Start of Provided data

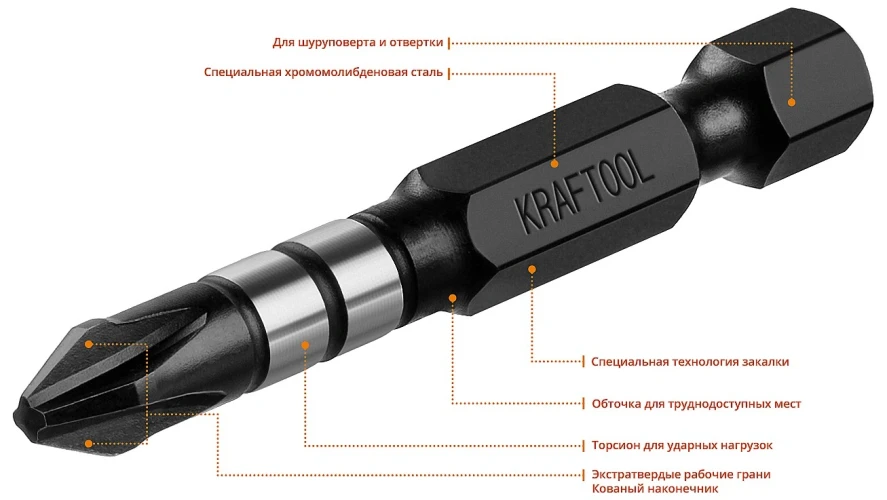 Ударные биты, 50 мм, 10 шт, KRAFTOOL Impact PH2 26191-2-50-S10 — фото 4
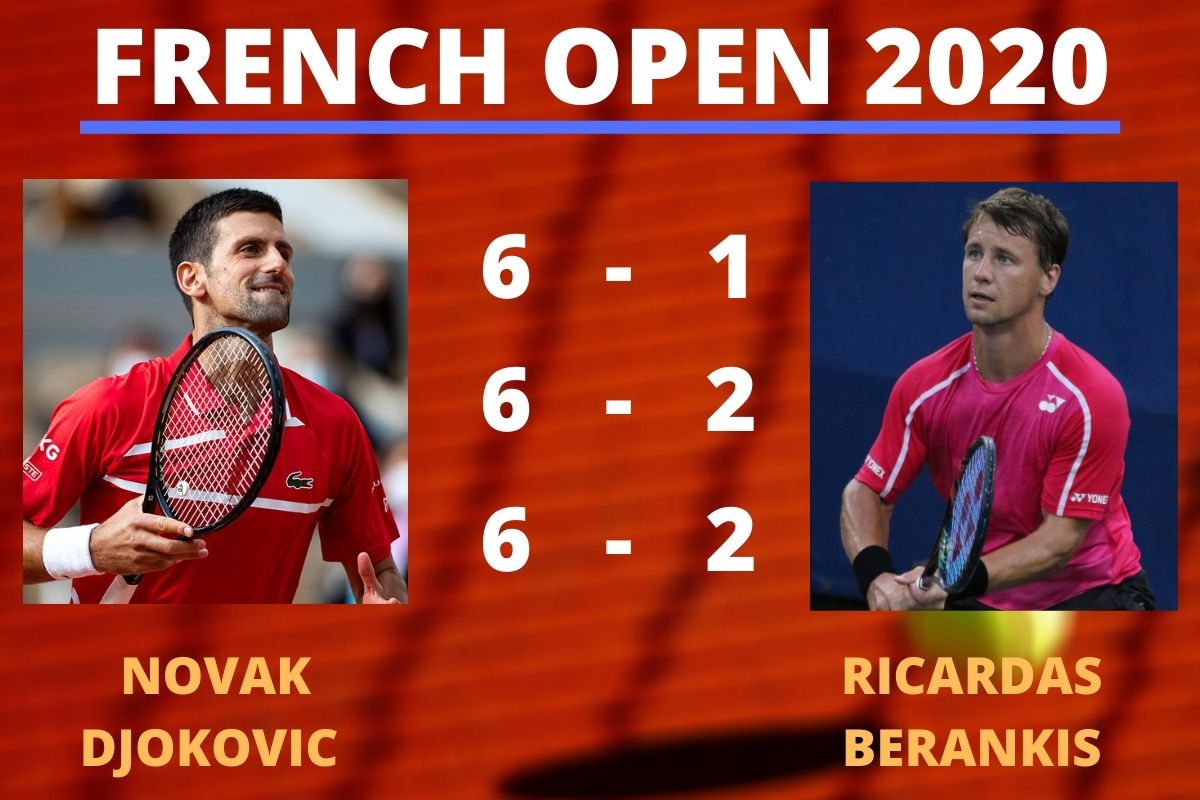 Novak Djokovic, Roger Federer, French Open 2020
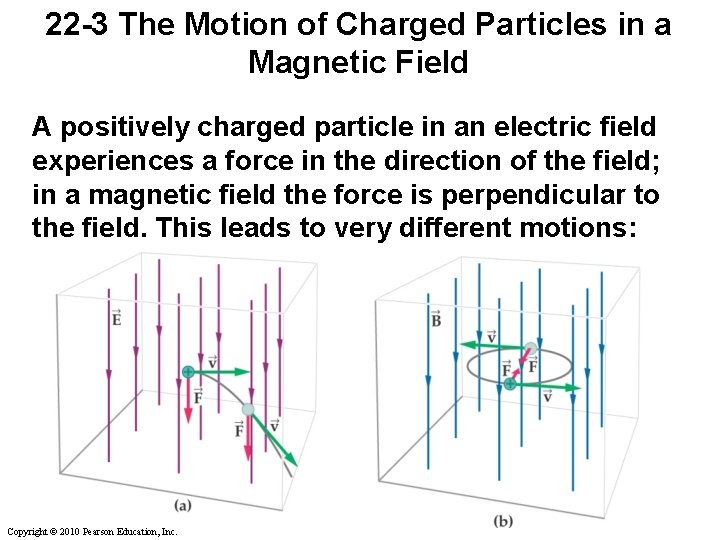 22 -3 The Motion of Charged Particles in a Magnetic Field A positively charged 22 -3 The Motion of Charged Particles in a Magnetic Field A positively charged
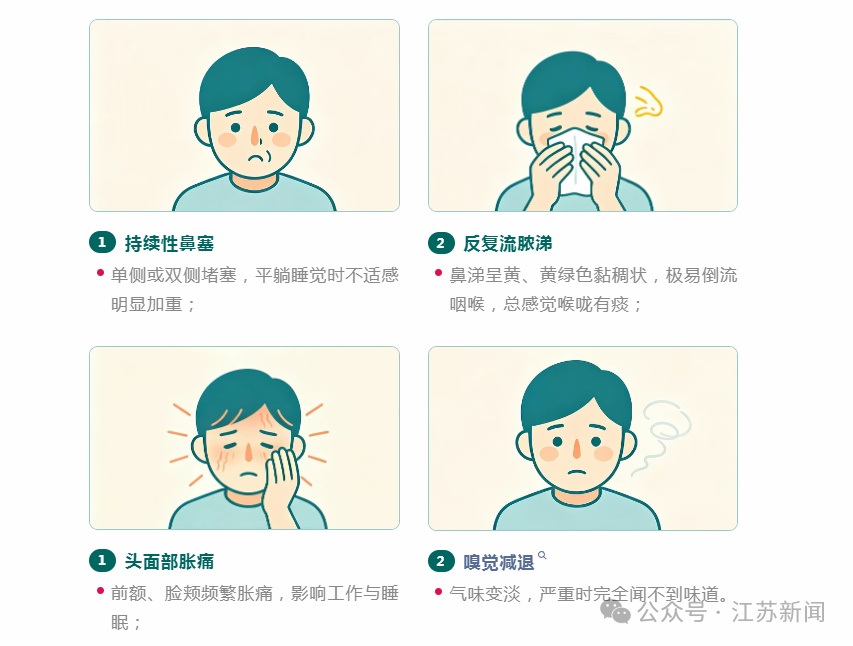 鼻塞流涕总不好?您可能一直在“治错地方”!慢性鼻窦炎别乱治 鼻塞流涕总不好?您可能一直在“治错地方”!慢性鼻窦炎别乱治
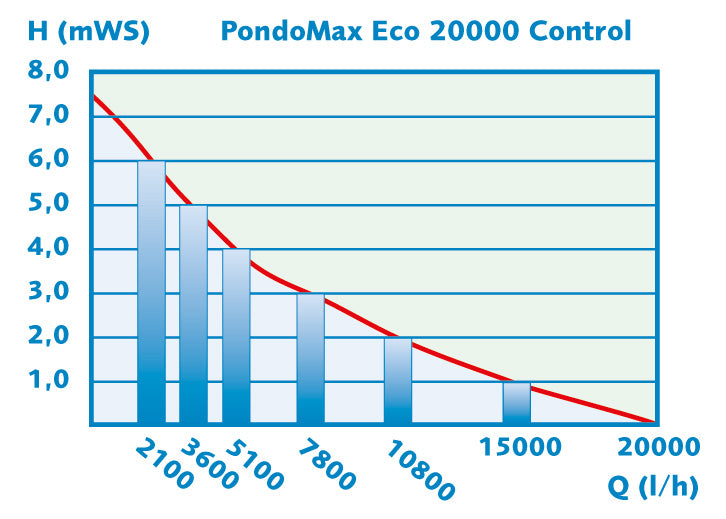 PondoMax-Eco-Control-20000-schematisch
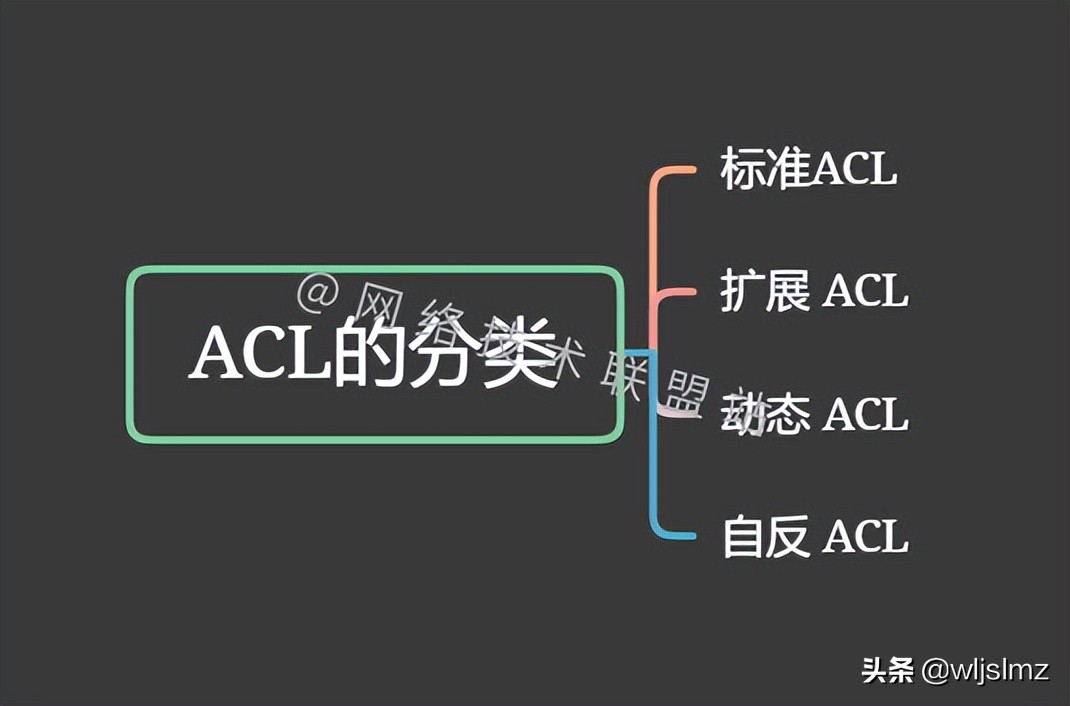 图解网络：访问控制列表 ACL，功能堪比防火墙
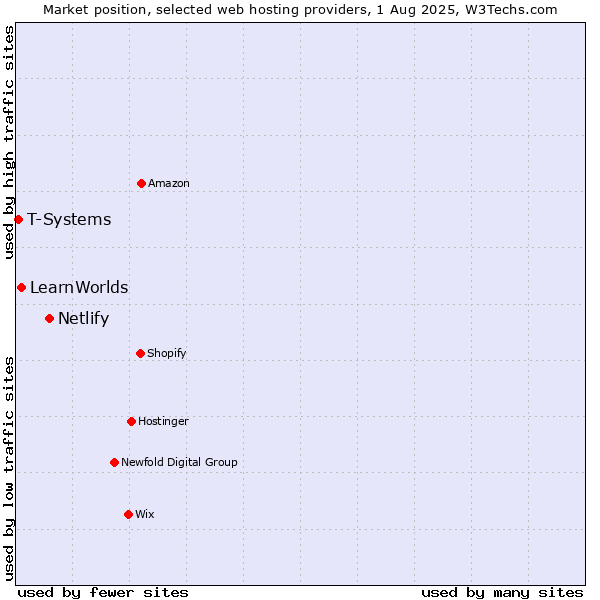 Market position of Netlify vs. LearnWorlds vs. T-Systems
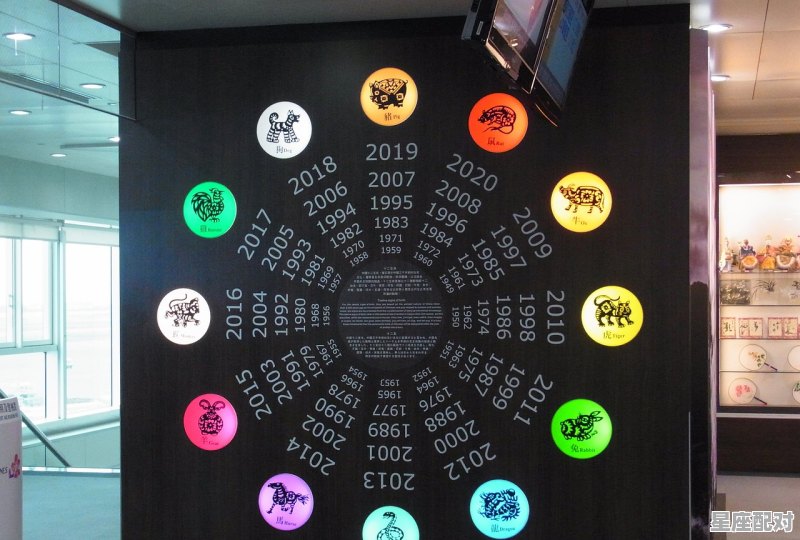 女生问男生属相星座是什么意思_星座配对最好的生肖男是哪个 女生问男生属相星座是什么意思_星座配对最好的生肖男是哪个 - 星座运势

End of Provided data

What to do
Your copy should repeat each entry above exactly but contain no pictures.

Output for this task
 Ударные биты, 50 мм, 10 шт, KRAFTOOL Impact PH2 26191-2-50-S10 — фото 4
 Novak Djokovic, Roger Federer, French Open 2020
 22 -3 The Motion of Charged Particles in a Magnetic Field A positively charged 22 -3 The Motion of Charged Particles in a Magnetic Field A positively charged
 鼻塞流涕总不好?您可能一直在“治错地方”!慢性鼻窦炎别乱治 鼻塞流涕总不好?您可能一直在“治错地方”!慢性鼻窦炎别乱治
 PondoMax-Eco-Control-20000-schematisch
 图解网络：访问控制列表 ACL，功能堪比防火墙
 Market position of Netlify vs. LearnWorlds vs. T-Systems
 女生问男生属相星座是什么意思_星座配对最好的生肖男是哪个 女生问男生属相星座是什么意思_星座配对最好的生肖男是哪个 - 星座运势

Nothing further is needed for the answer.